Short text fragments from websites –

========================================

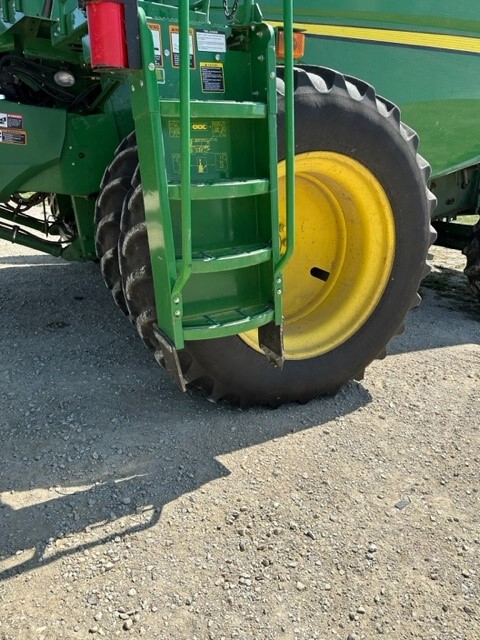2013 John Deere S670 Image 26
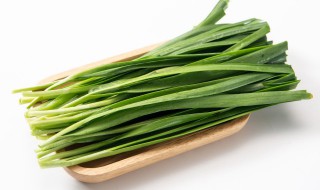 墨鱼仔炒韭菜的做法 墨鱼仔炒韭菜的做法视频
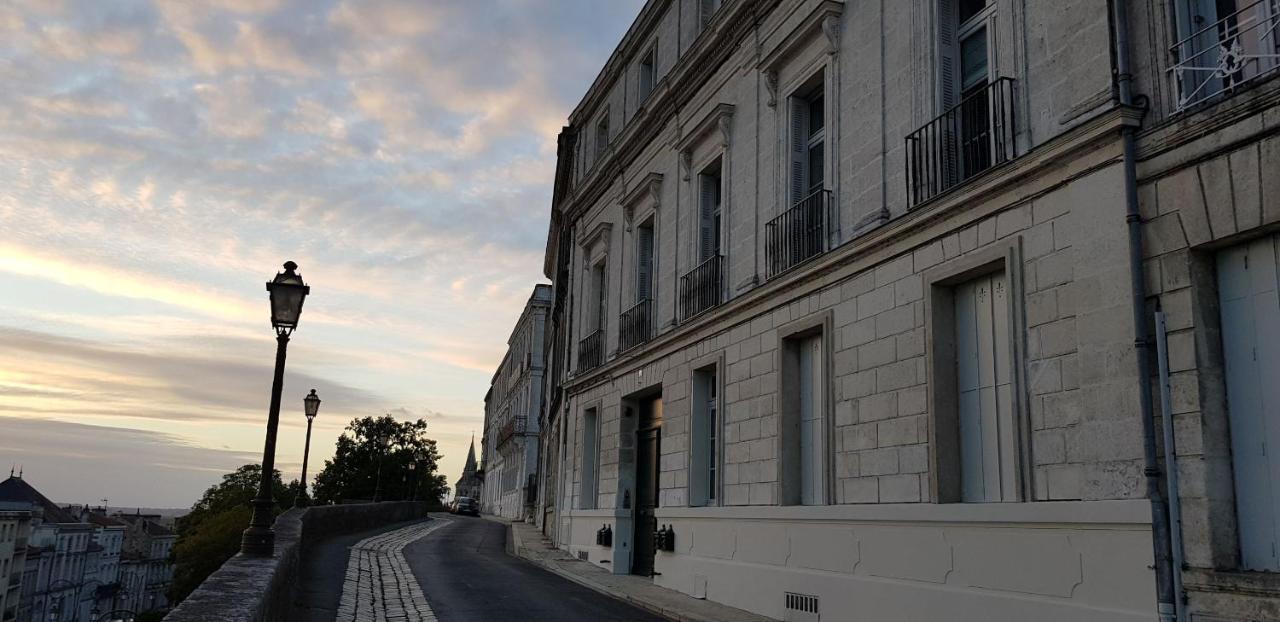 Le Rempart Du Midi Apart otel Angoulême Dış mekan fotoğraf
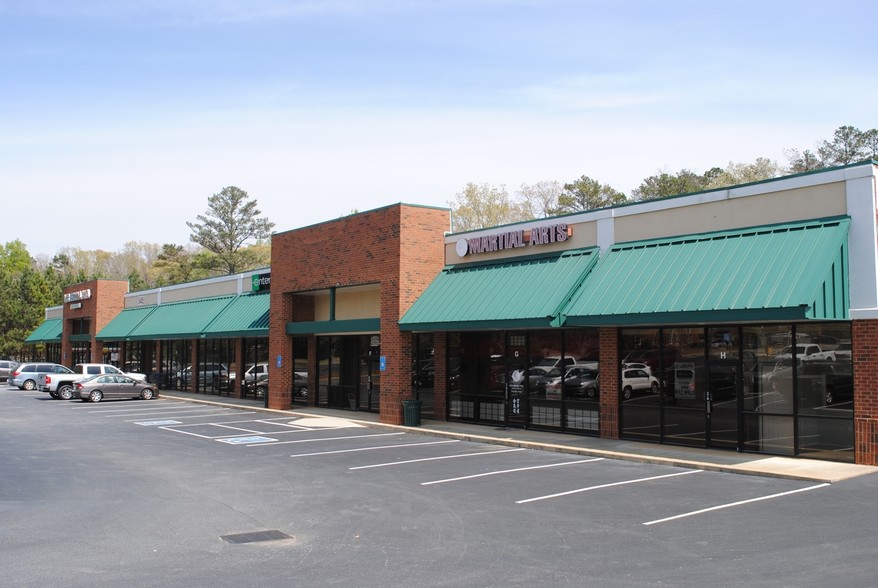 5445 Atlanta Hwy, Alpharetta, GA for lease - Primary Photo - Image 1 of 5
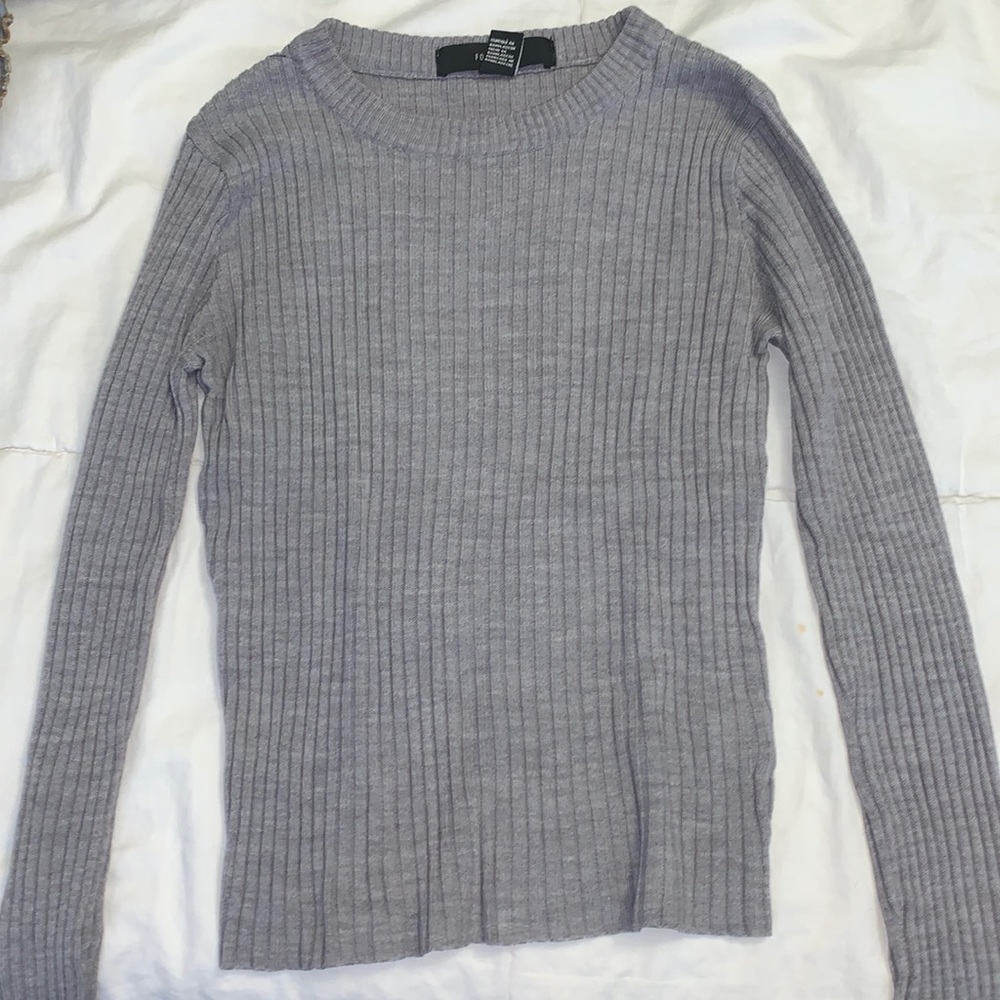 Basic long sleeve knit top.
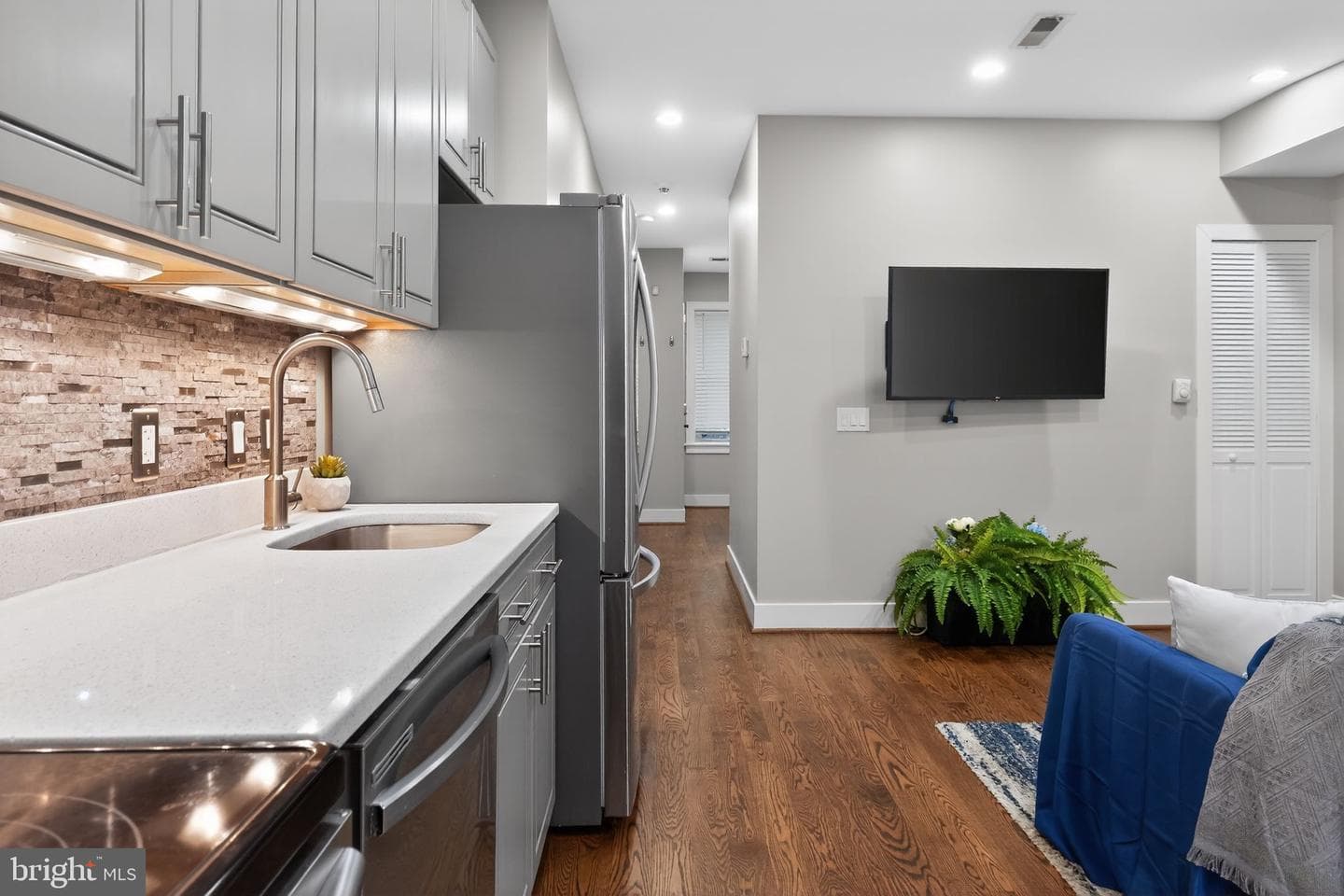 1109 Holbrook Terrace NE #1 photo 24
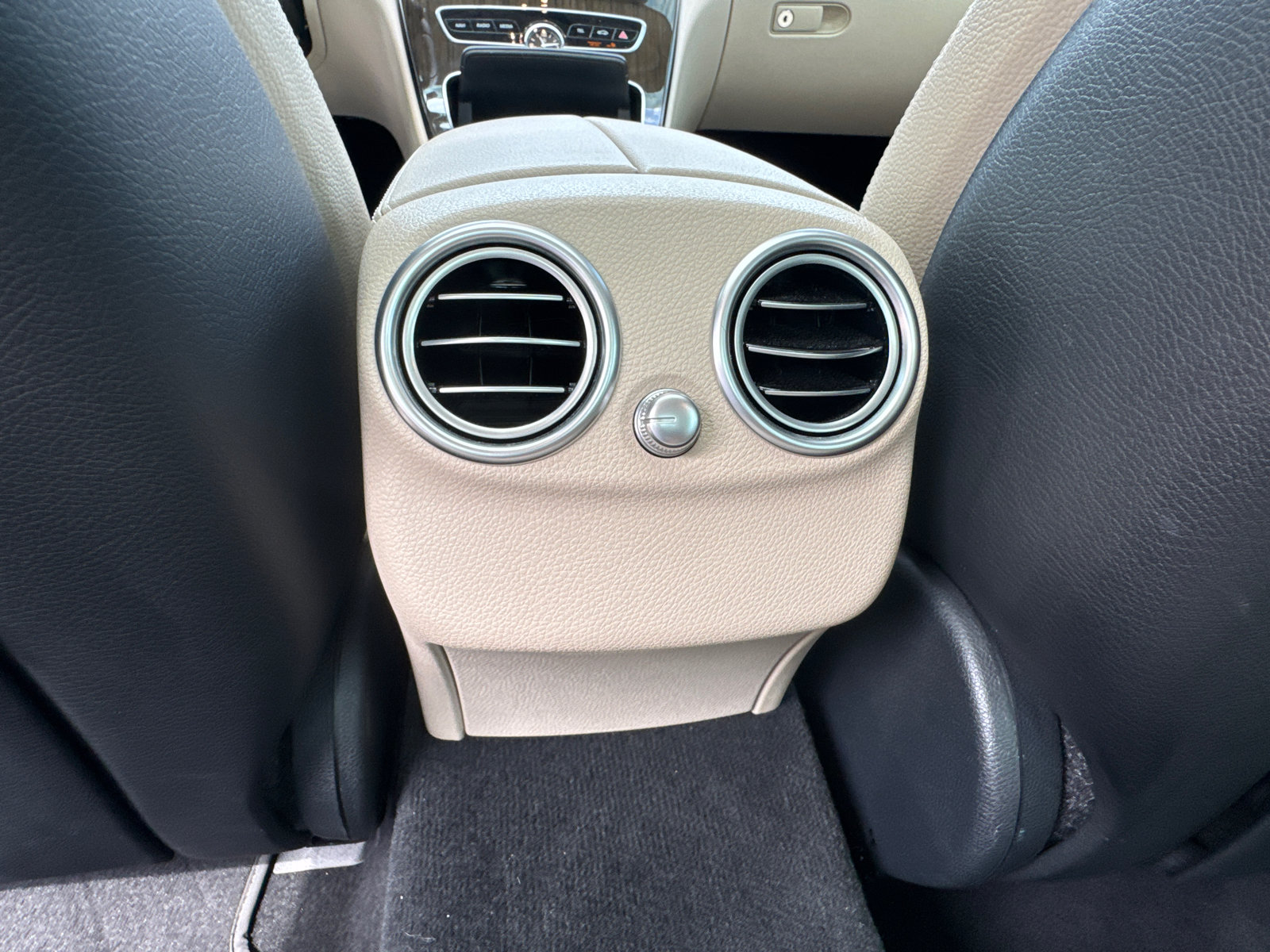 Used 2021 Mercedes-Benz C 300 Sedan image 24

========================================

Assignment – Leaving out the pictures, please transcribe exactly the lines from the one that holds "5445 Atlanta Hwy, Alpharetta, GA" through the last line of the entries above, both included.

Solution below –
 5445 Atlanta Hwy, Alpharetta, GA for lease - Primary Photo - Image 1 of 5
 Basic long sleeve knit top.
 1109 Holbrook Terrace NE #1 photo 24
 Used 2021 Mercedes-Benz C 300 Sedan image 24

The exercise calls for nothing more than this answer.